A: Maintainability and adoption #3

ml-evs · 2021-12-21T15:42:27Z

ml-evs
Dec 21, 2021
Maintainer

This thread is for discussing, finalizing and organizing a breakout with the theme in the title above.

Maintainability and adoption:

How can we make sure that this project will not die and will be used?

What can we learn from OPTIMADE or similar efforts (maybe, ORD, AniML)?

What made the CIF a success story?

What do we think about models such as the one of the Allotrope Foundation?

Software user facilities in analogy to other user facilities universities have?

Centralization vs. collaborative custodianship (i.e., in collaborative projects [BIG-MAP, NCCR, …] do we aim for one centralized data lake/store or do we only have a data registry?)

How do we solve the collective action problem that everyone sees the need for high-quality data, but no one wants to start sharing their data in re-usable form?

Do we need journals/editors to buy in?

Do we need changes in education?

kjappelbaum · 2021-12-23T09:40:40Z

kjappelbaum
Dec 23, 2021
Maintainer

quite fuzzy vision, inspired by https://colinraffel.com/blog/a-call-to-build-models-like-we-build-open-source-software.html: "Can we manage scientific data as open source software?"
Can we arrive at some point where I can make a "merge request" to some dataset, fork it to build on top of it,... and on the fly the tooling will keep track of the "credit record" and Google scholar will also show this as a form of output

1 reply

ml-evs Dec 23, 2021
Maintainer Author

There is certainly a discussion to be had about designing for dynamic/shifting schemas, and the technicalities of semantic versioning, actually semantic versioning (i.e. an ontology of versioning that goes beyond that for software - this was discussed at OMDI 2021 briefly) and version negotiation. Some nice notes here from Ink & Switch labs on API versioning, decentralized schemas and lenses into different versions: https://www.inkandswitch.com/cambria/

Seems to me that is combines all of the worst topics in software engineering: dependency management, versioning, database migrations...

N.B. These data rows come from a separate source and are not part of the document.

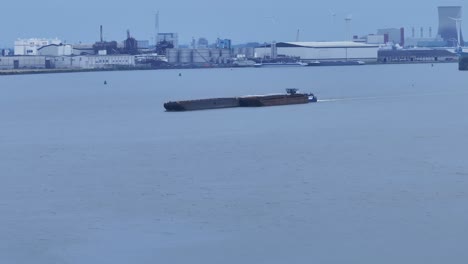 puerto de moerdijk: navegación de buques de carga, vista desde un avión no tripulado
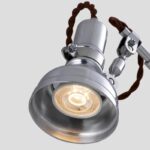 Lampe de recherche en métal avec câble torsadé, idéale pour expériences scientifiques ou décoration de style industriel.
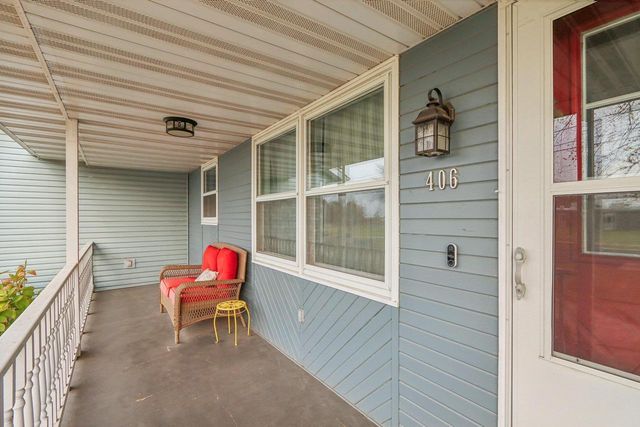 406 School Street, Marshall, WI 53559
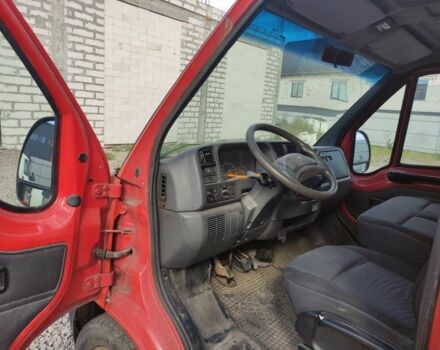 Красный Фиат Дукато, объемом двигателя 2.4 л и пробегом 333 тыс. км за 3300 $, фото 10 на Automoto.ua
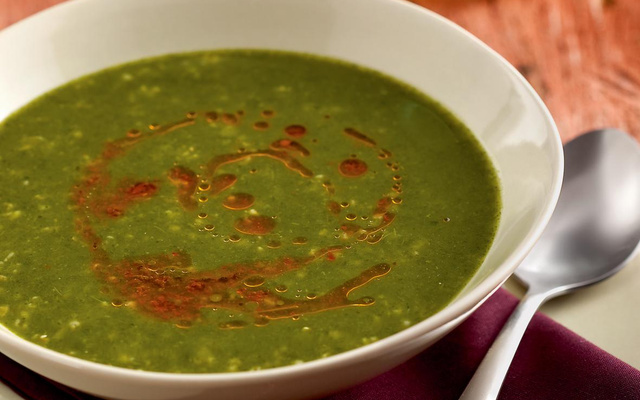 Sopa de agrião com azeite de tomate seco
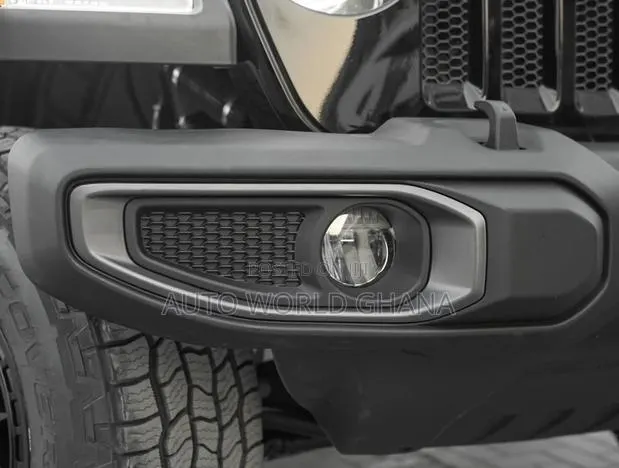 Jeep Wrangler JK 2008-2017 Bumper Upgrade to 2023 · Photo 1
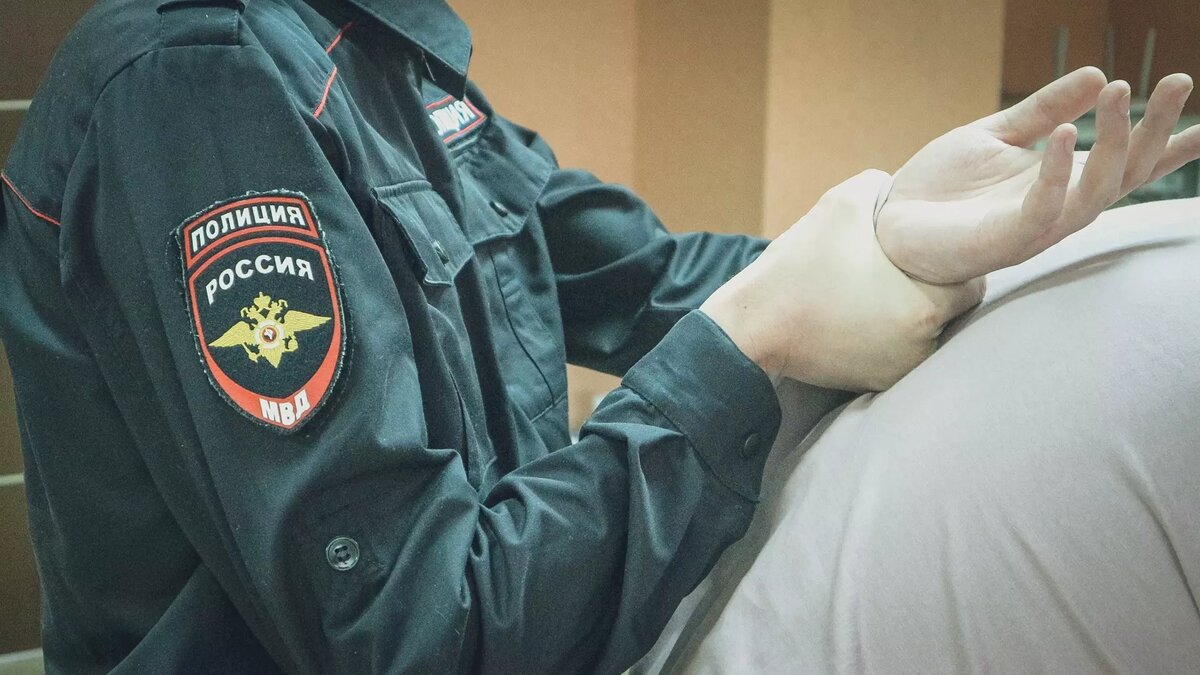     Мужчина пытался сбежать.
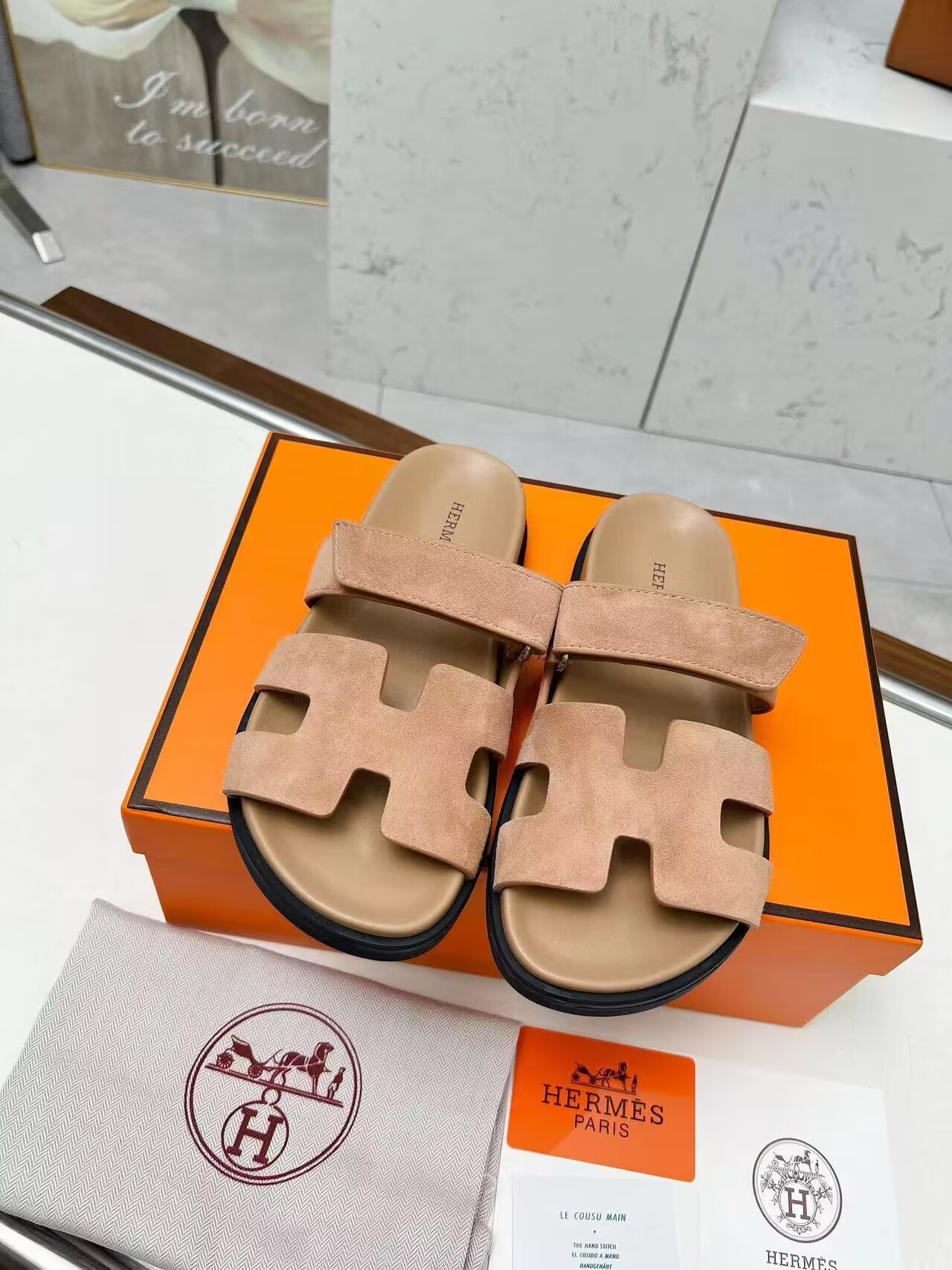 UA Hermès Chypre sandal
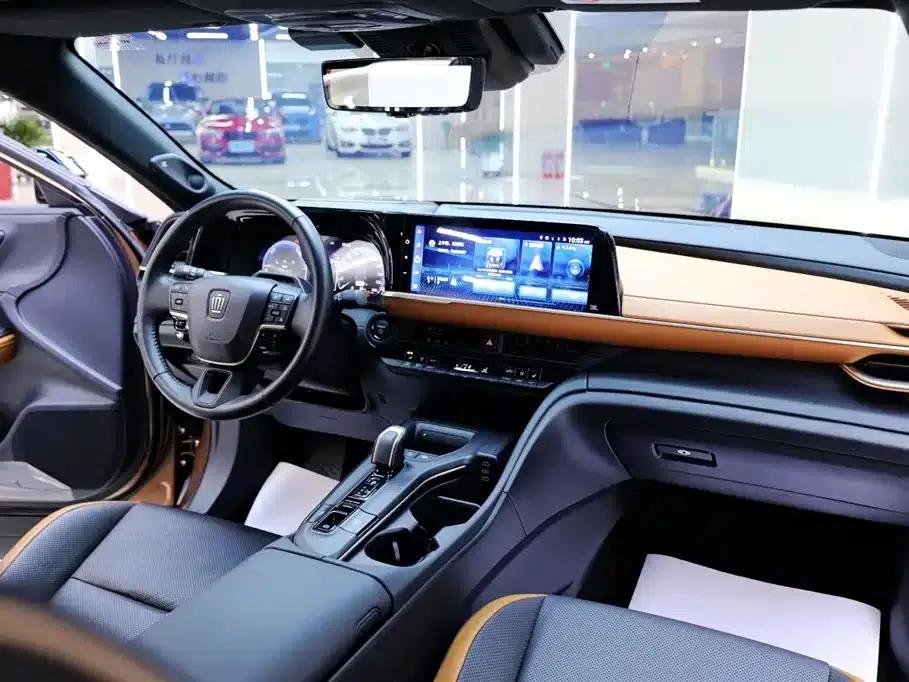 2023 Toyota Crown SportCross 2.4T SportCross HEV AWD Supreme Edition — миниатюра 20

kjappelbaum · 2021-12-23T12:04:02Z

kjappelbaum
Dec 23, 2021
Maintainer

what are the incentives for maintaining something like this? Had a couple of proposals killed because "it is not science". How can we, as a community, fix the incentive structure for the developers and maintainers of data infrastructure?

0 replies

ml-evs · 2022-01-17T11:47:40Z

ml-evs
Jan 17, 2022
Maintainer Author

On the adoption front, training/education plays a big part. What standards/guidelines/technologies/tools would you teach new undergrads today?

0 replies

ml-evs · 2022-01-17T18:50:36Z

ml-evs
Jan 17, 2022
Maintainer Author

Also: what are the minimum technical meta-requirements for a standard/ontology/schema/data model to be adopted?

Semantic versioning
Detailed changelog
Machine-readable specification
Tooling for validation: both local and remote (e.g., OPTIMADE validator from optimade-python-tools which can be run locally, as a GitHub action, or automated across all providers at https://optimade.org/providers-dashboard
Ideally, open source with transparent decision making

I think these could apply to things we typically think of as standards, but also simply datasets/databases published on the web.

Does adoption mean something different for software, specifications and data?

0 replies

helgestein · 2022-02-03T06:22:03Z

helgestein
Feb 3, 2022

I guess for experimental data is is a large challenge but some groups have dome something to get there. There (used to be) HTE-MEAD, then there is HTEM and others. At my university we have some thing called KADI4MAT. Most ELN are append only which would make them amendable for something like merge requests etc. What I find more important though and what could be a future vision is that you absolutely need to store the analysis and plotting code alongside your (experimental) analysed data. Gold standard would probably be a versioned docker container of some micro data analysis and plotting service with that you can just rerun the analysis of old data.
Bigger challenge with all of this is: funding, credit and making a career. You need a dedicated person/team for this that breaks the 3-4y PhD cycle.

2 replies

kjappelbaum Feb 3, 2022
Maintainer

We will also have a talk from the KADI4MAT developers! 👍🏽

Most ELN are append only which would make them amendable for something like merge requests etc.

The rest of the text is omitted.